--- What you will do ---
Skipping all pictures, print exactly the lines below from the one with "Photo of property" through the final line.

--- Material provided ---
* * * * * * *
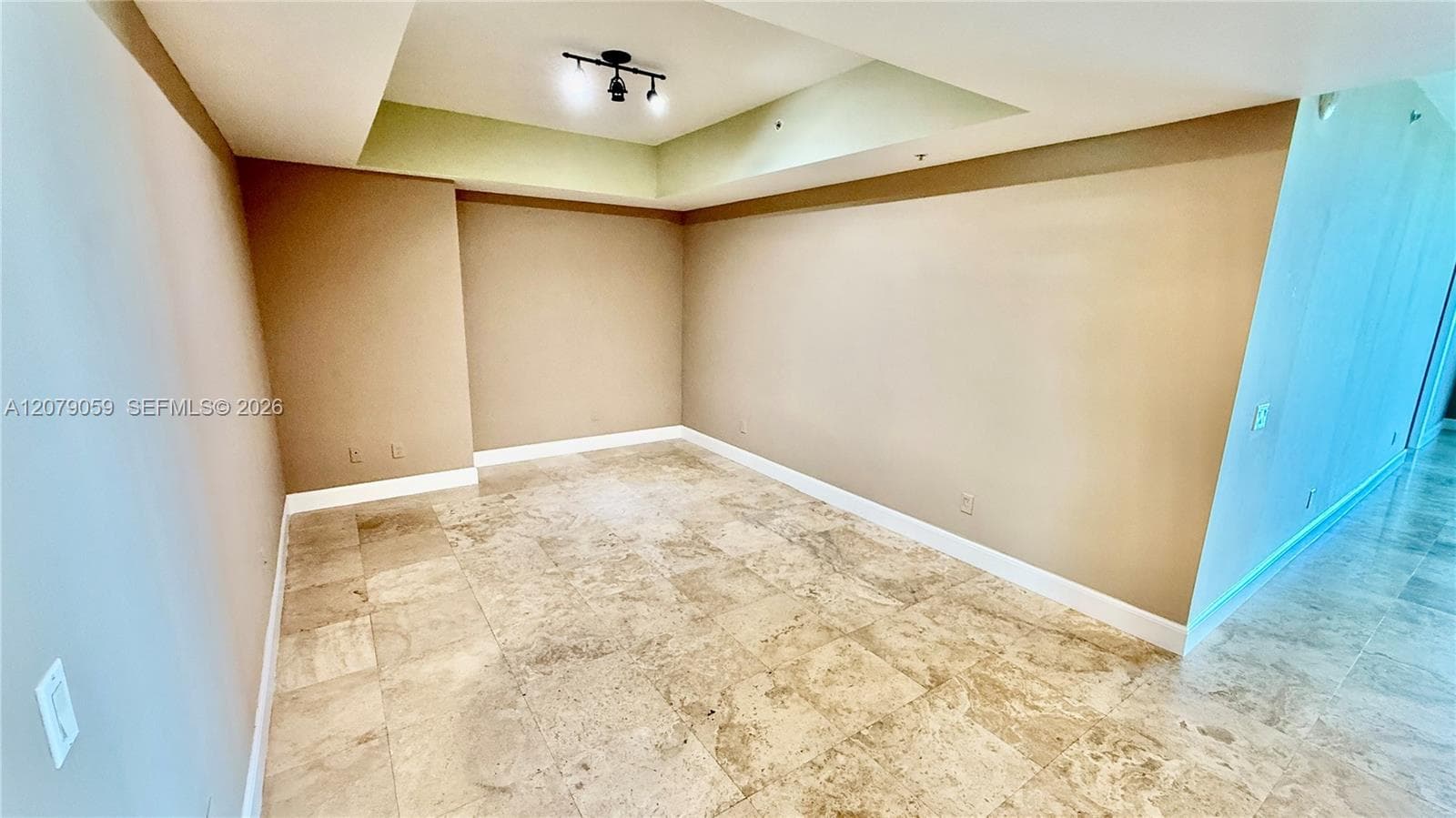 14951 NE Royal Oaks Ln 1403 photo 7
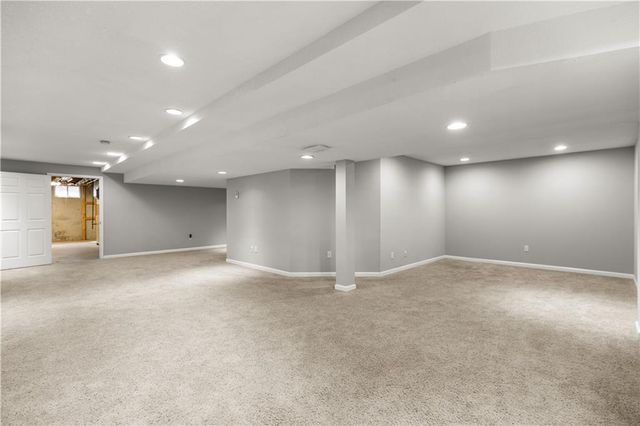 9233 W 143rd Terrace, Overland Park, KS 66221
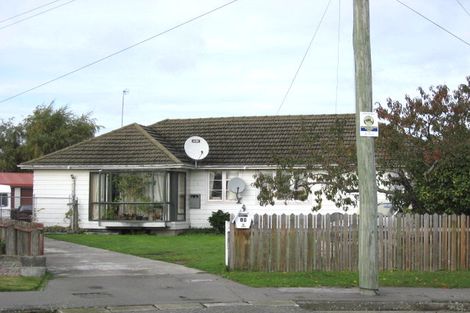 Photo of property in 12 Virgil Place, Northcote, Christchurch, 8052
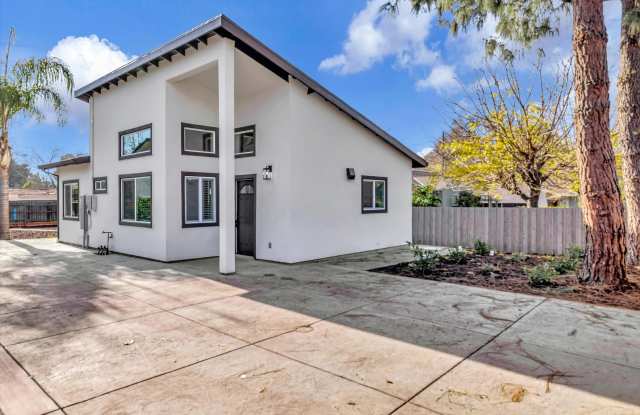 Photo of NEWER 2 BED, 1 BATH HOME WITH HUGE YARD AND ENCLOSED DRIVEWAY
* * * * * * *
--- Response to the exercise ---
 Photo of property in 12 Virgil Place, Northcote, Christchurch, 8052
 Photo of NEWER 2 BED, 1 BATH HOME WITH HUGE YARD AND ENCLOSED DRIVEWAY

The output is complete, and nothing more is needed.